Because this Decision and Order is intended primarily for the review of the parties, and counsel have demonstrated (in their memoranda of law) an adequate understanding of the wellknown legal standard governing a motion to dismiss for failure to state a claim, the Court will not recite that legal standard in its totality in this Decision and Order, but will merely direct the reader to the Court's decision in F.M. ex rel. Ms. M. v.

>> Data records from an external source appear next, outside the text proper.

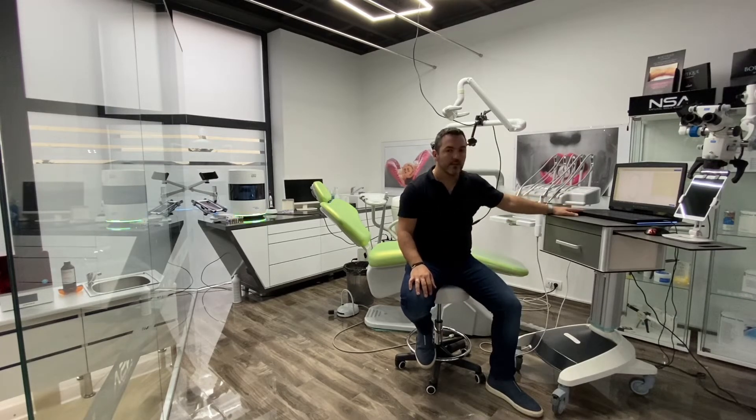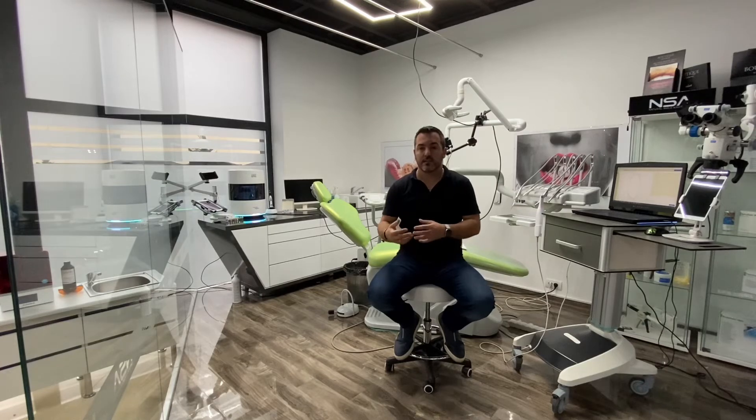Once we have the new design, the next step is to have a chairside printer in the office — you can see it in the corner to my right. A chairside printer is a very small printer that works really fast and can print very good quality veneers for mock-up. When we have a patient and want to show them how their smile planning should look, we scan the patient, design everything, print individual veneers, and place them in the patient's mouth — or print them all in one piece. Then we take photos to show the patient how they can look before we start any preps.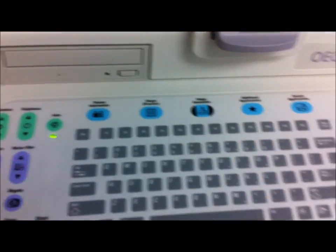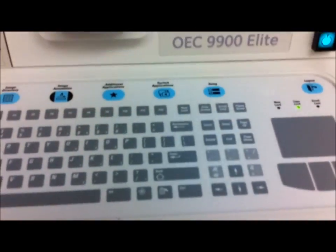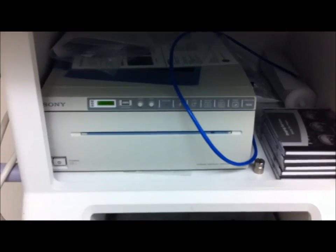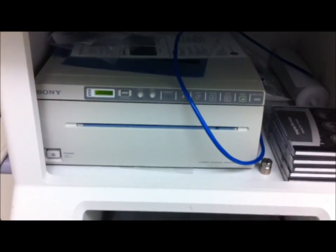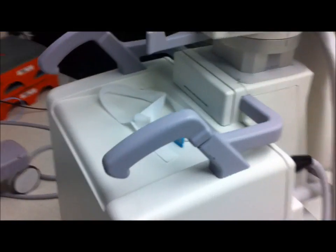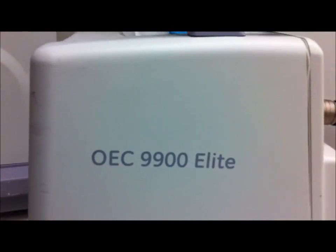And I believe that's officially it for the little tour of the OEC 9900 Elite. We installed our own film printer there. And that's it — that's the 9900 Elite.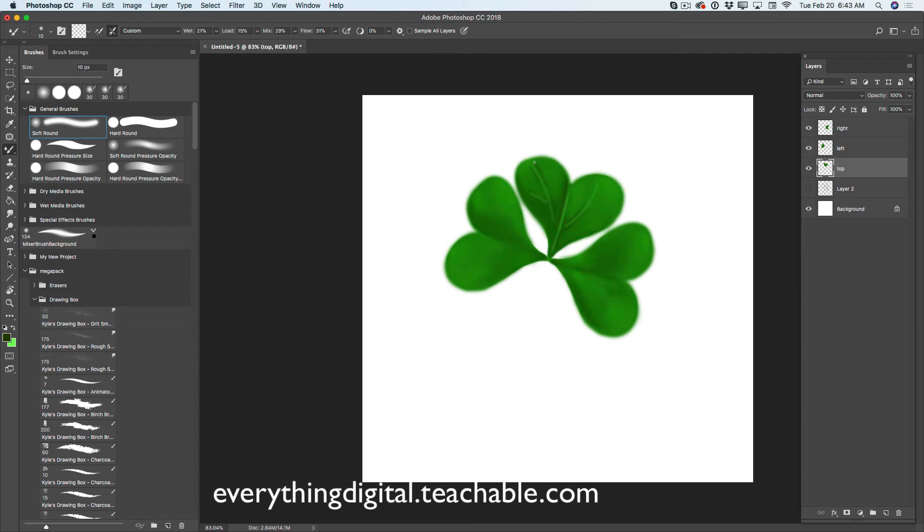Guys, as you can see, it's easy and fun. If you will be creating the same art for your St. Patrick's Day, please share it with me. I would like to see the result. Share with me on Twitter — just hashtag me. On Twitter I am Victoria underscore Pavlov. I will make my mixer brush tool size bigger and continue smoothing all colors.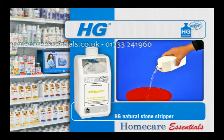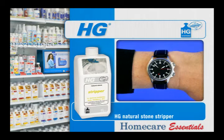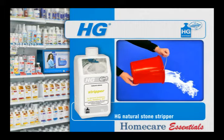Dilute HG Marble Stripper in 1 litre of lukewarm water, then apply with a scrubbing brush. Allow a few minutes for the product to work, scrub well and rinse off with water. 1 litre is enough for a surface area of 15 square metres.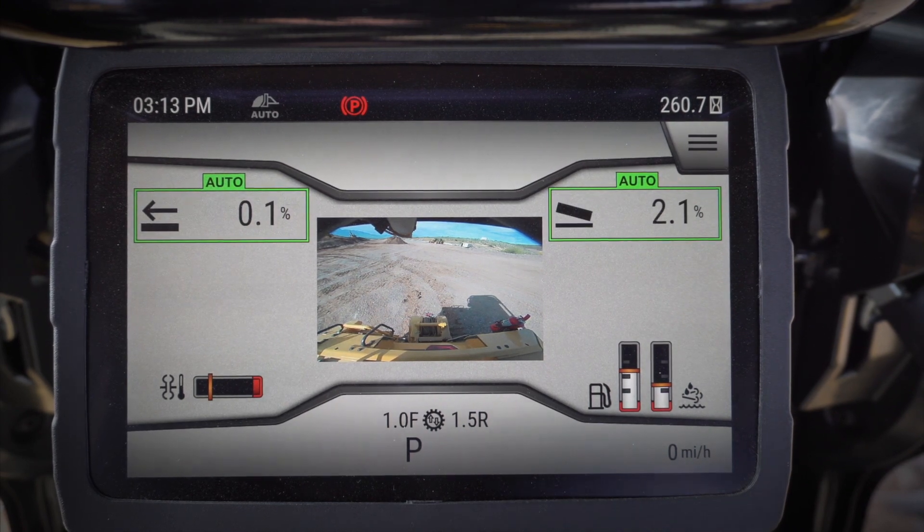As soon as I stop giving it input, slope assist is going to try to maintain the slope of the blade once it's in auto. When I want to kick it out of auto, I just click the button again and it's back to manual.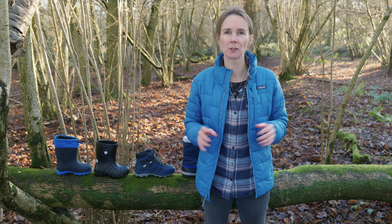Hi, I'm Rebecca from Little Adventure Shop and in this video I'm going to talk to you about all the different styles of kids winter boots you can get.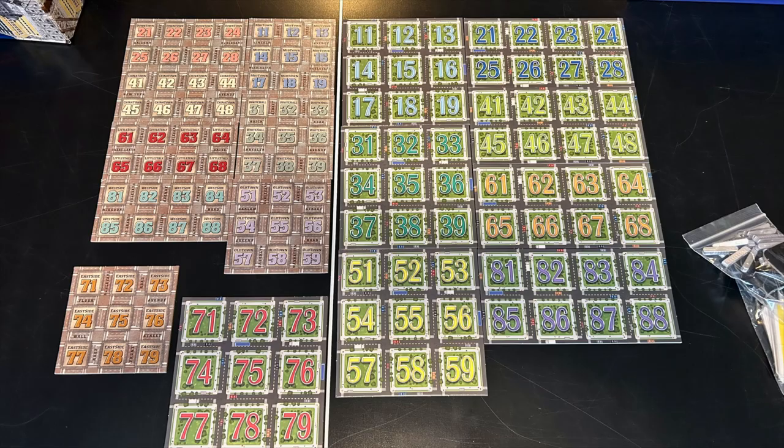Here are the city blocks. You can see the city blocks are much, much larger in the new edition, and that is of course because the pieces themselves are larger. You better have a big table for the new edition — the neighborhoods take up a lot of space. There are also huge player aids, and the pieces themselves are, of course, bigger.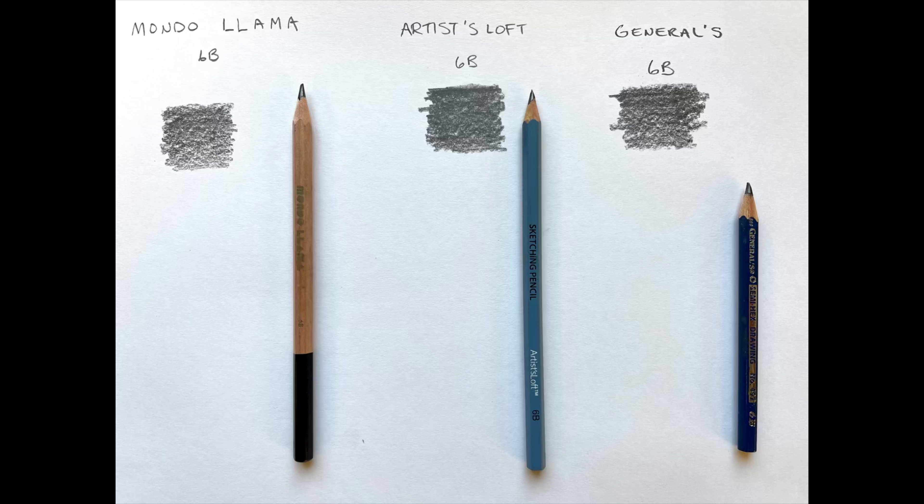In the second image with the Artist Loft pencils, those actually crumbled and broke a lot. The wood casing was poor and the drawing results were inconsistent. I would choose the highest quality pencil that you can afford so you get the best results.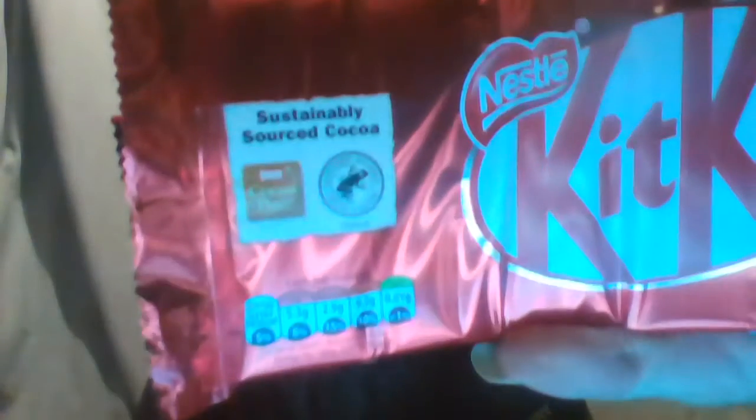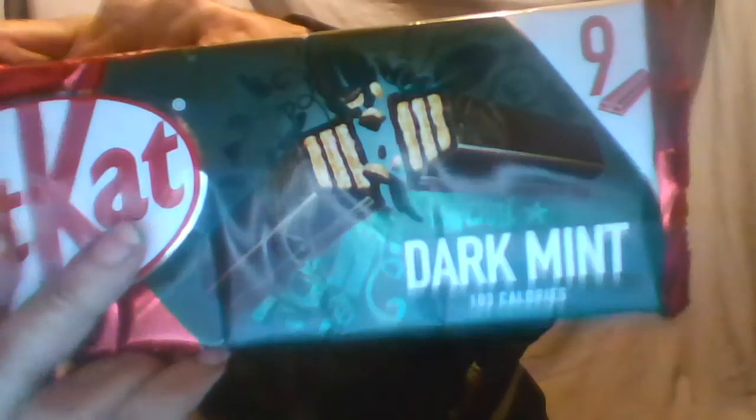It says 'just sustainably sourced cocoa.' Anyway, enough of all this, let's open it up. Inside you've got packs of two — you can also sometimes buy Kit Kats with four. This is basically nine packs of two.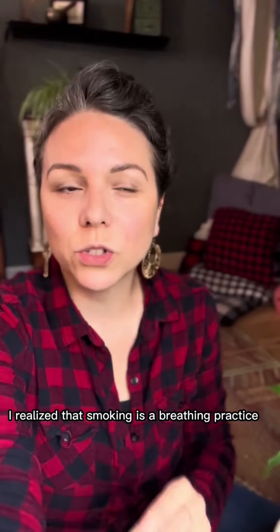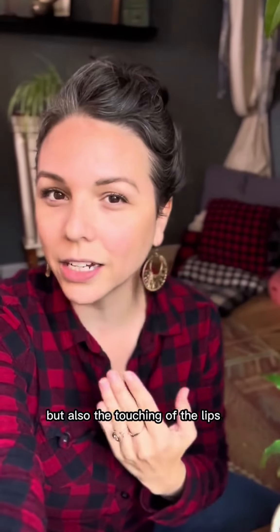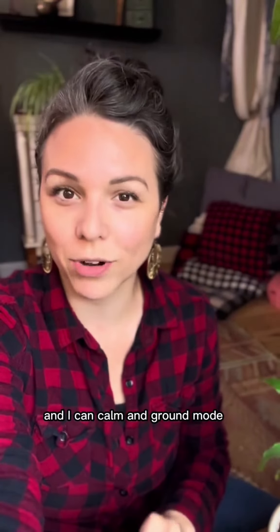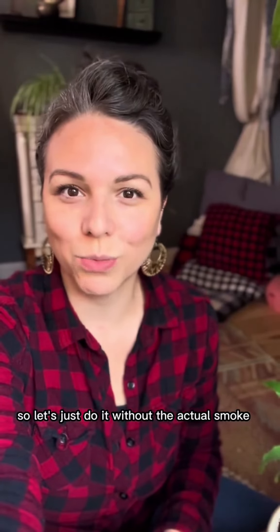I realized that smoking is a breathing practice, but also the touching of the lips triggers the parasympathetic nervous system — that rest and digest mode, that 'I'm safe and I can calm and ground' mode. So let's just do it without the actual smoke.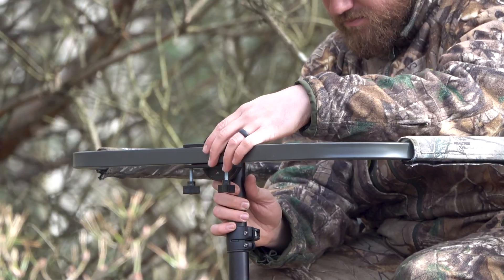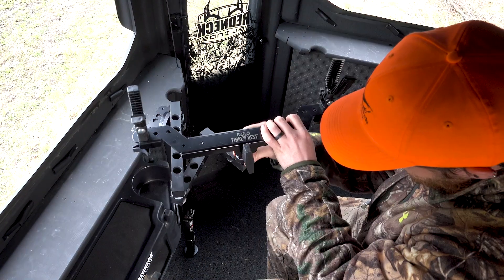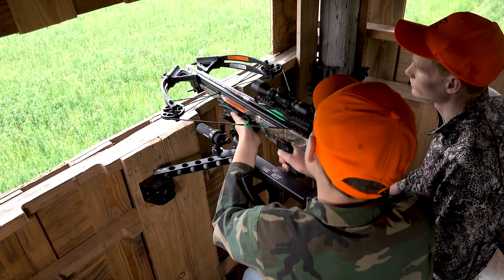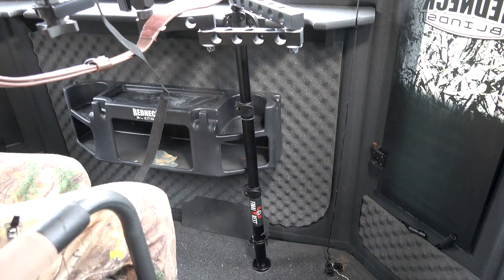Introducing Final Rest, the most versatile shooting rest of its kind. Achieve incredible accuracy in any blind without taking up any legroom.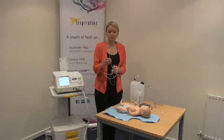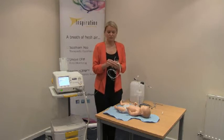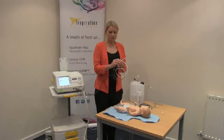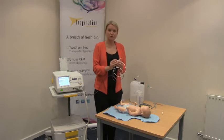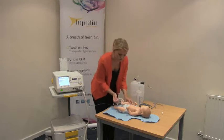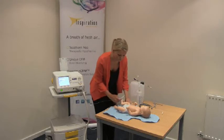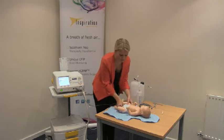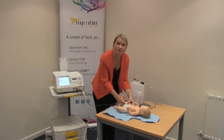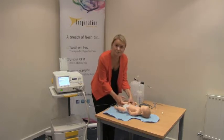The rectal probe will need to be inserted into the baby. This will be inserted between 2 and 5 centimetres depending on your clinical practice. We need to put a little bit of tape onto the probe just to show how far we should insert it. So we can insert the probe into the baby, and it's a good idea to secure it with a little bit of tape on the inner thigh.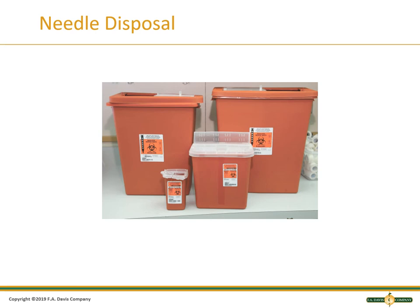Part 2 of Chapter 7 will discuss the collection tubes used in the evacuated tube system. Understanding what is in the tubes, what they are used for, and the order in which they should be collected will be key to being a good phlebotomist and passing the certification exam. Please listen to Part 2 next. This ends this lecture.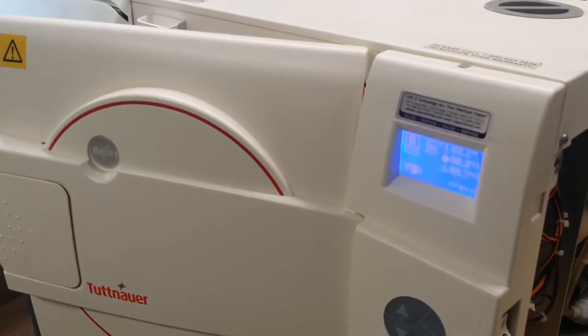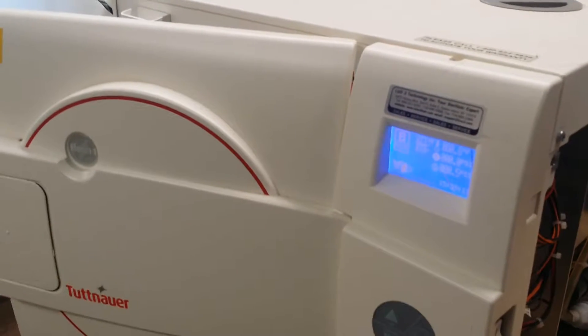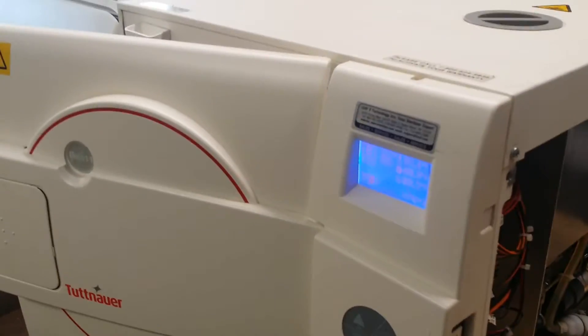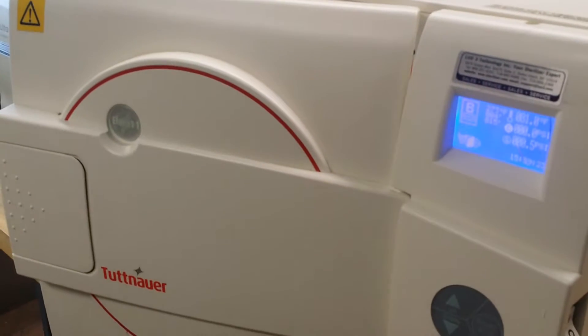Good afternoon. Welcome to iSterilizer.com Technical Support. My name is James. Today, this video will show you how to repair the Tudna Ilala 11 sterilizer.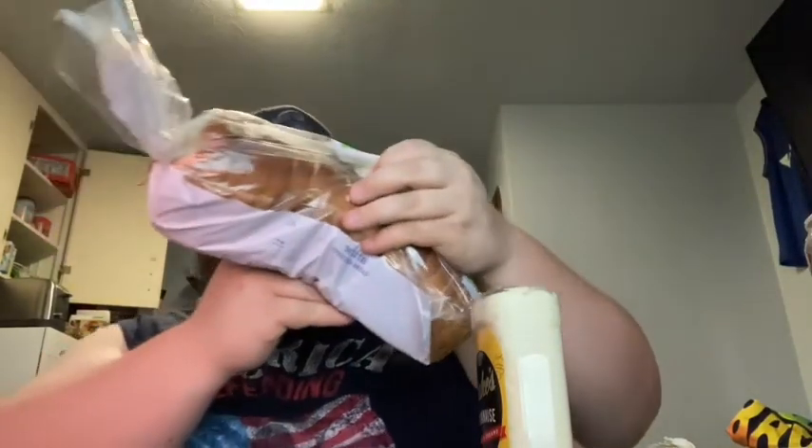So I got my Braunschweiger, I got a white onion, I got some Duke's mayonnaise here, and I got the cheapest bread I could find. It's like 89-cent Spartan store bread. So this should be perfect.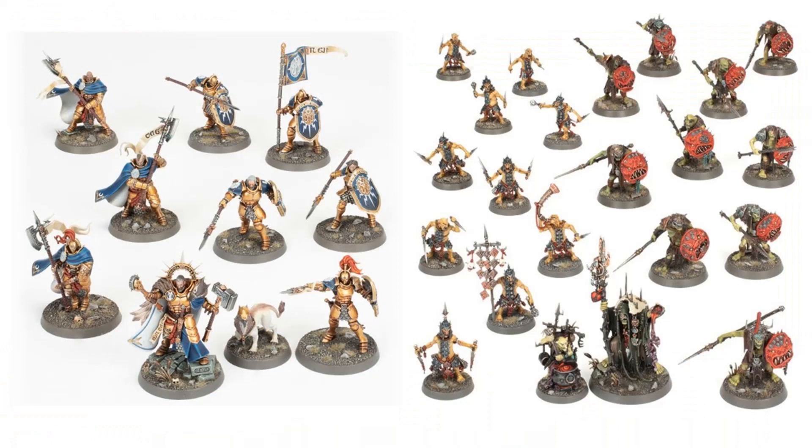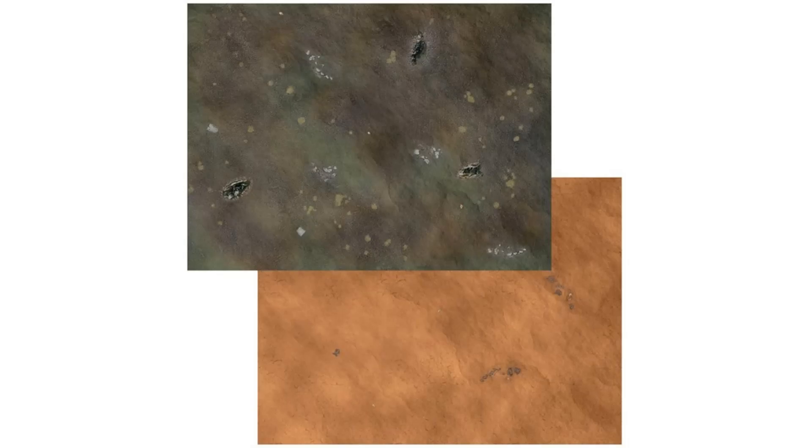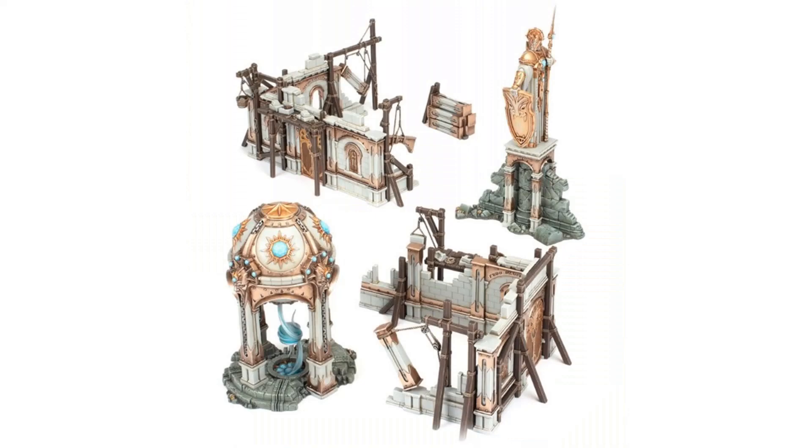You get the same Stormcast Eternals and the same Cruel Boys models, and therefore you need the same books — I talk about all of that in the Harbinger set video. So what's the difference between the Harbinger set and the Extremis set? Basically it's just the scenery. You get the same mats in terms of what is printed on them, but in the Extremis set they are made out of nice thick card instead of glossy paper, so much more rigid and better to play on. You also get some scenery sprues to make buildings, and some like that globe-type structure you can only get in this set. So the only difference is better quality mats and a bit of scenery.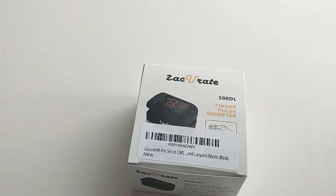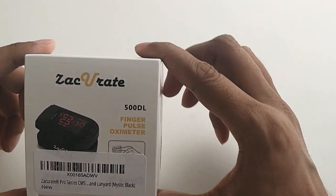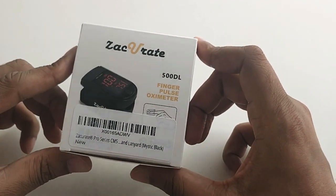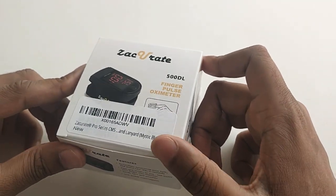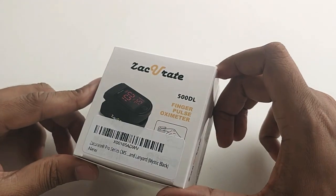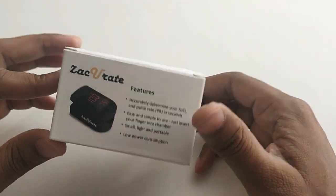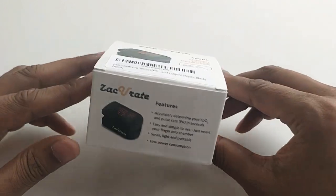Hello everyone, welcome to Fun Infinity video. Today I'm going to talk about the Z-Decorate oximeter which I bought yesterday, and I wanted to share my experience and why I bought it and why you should also have this device at your home. I bought it to check my oxygen level in my body.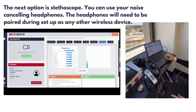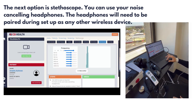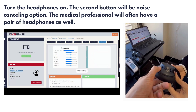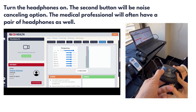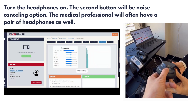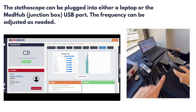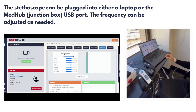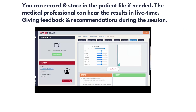The next option is the stethoscope. You can use the noise-canceling headphones, which will need to be paired during the setup phase like any other wireless device. Turn the headphones on — the second button is the noise-canceling option. The medical professional will often have a pair of headphones as well. Note that the frequency buttons along the side can be changed and adjusted. You can record and store audio in the patient file if needed. The medical professional can hear the results in live time, giving feedback and recommendations during the session.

Anderson Center for Autism, 13-CV-0041, 2014 WL 4457256, at *7-9 (N.D.N.Y. Sept. 10, 2014) (Suddaby, J.), which accurately recites that legal standard.

In addition, the Court will briefly recite the standard governing what documents are considered when a dismissal for failure to state a claim is contemplated. Generally, when contemplating a dismissal pursuant to Fed.R.Civ.P. 12(b)(6) or Fed.R.Civ.P. 12(c), the following matters outside the four corners of the complaint may be considered without triggering the standard governing a motion for summary judgment: (1) documents attached as an exhibit to the complaint or answer, (2) documents incorporated by reference in the complaint (and provided by the parties), (3) documents that, although not incorporated by reference, are "integral" to the complaint, or (4) any matter of which the court can take judicial notice for the factual background of the case.[11]

B. Motion for Summary Judgment

Again, because this Decision and Order is intended primarily for the review of the parties, and counsel have demonstrated (in their memoranda of law) an adequate understanding of the well-known legal standard governing a motion for summary judgment, the Court will not recite that legal standard in its totality in this Decision and Order, but will merely direct the reader to the Court's decision in Lenigan v. Syracuse Hancock Int'l Airport, 10-CV-1420, 2013 WL 149461, at *4-5 (N.D.N.Y. Jan. 14, 2013) (Suddaby, J.), which accurately recites that legal standard.

III. ANALYSIS

A. The AG Defendants' Motion to Dismiss for Failure to State a Claim

1. Parties' Briefing on the AG Defendants' Motion to Dismiss

Generally, in their motion to dismiss the Third and Fourth Claims of Plaintiff's Amended Complaint for failure to state a claim (i.e., her claims arising under the ADA and the Rehabilitation Act), the AG Defendants argue as follows: (1) the legal standards governing Plaintiff's claims under the ADA and the Rehabilitation Act are the same; (2) under the legal standard that governs both of those claims, Plaintiff's Amended Complaint fails to allege facts plausibly suggesting the third element of such claims (i.e., that Amir was denied the opportunity to participate in, or benefit from, the AG Defendants' services, programs, or activities, or was otherwise discriminated against by the AG Defendants, by reason of his disability), because, while Plaintiff's allegations challenge the adequacy of the mental health treatment that Amir received, they do not allege facts plausibly suggesting any discriminatory conduct based on his disability (most notably, that he was treated any differently than were inmates who are not mentally disabled); and (3) at the very least, to the extent that Plaintiff asserts a claim for money damages against any state officials in their official capacities under either the ADA or Rehabilitation Act (for example, as expressly stated in Paragraphs 203 and 216 of the Amended Complaint), those claims are barred by the doctrine of sovereign immunity. (Dkt. No. 85, Attach. 1.)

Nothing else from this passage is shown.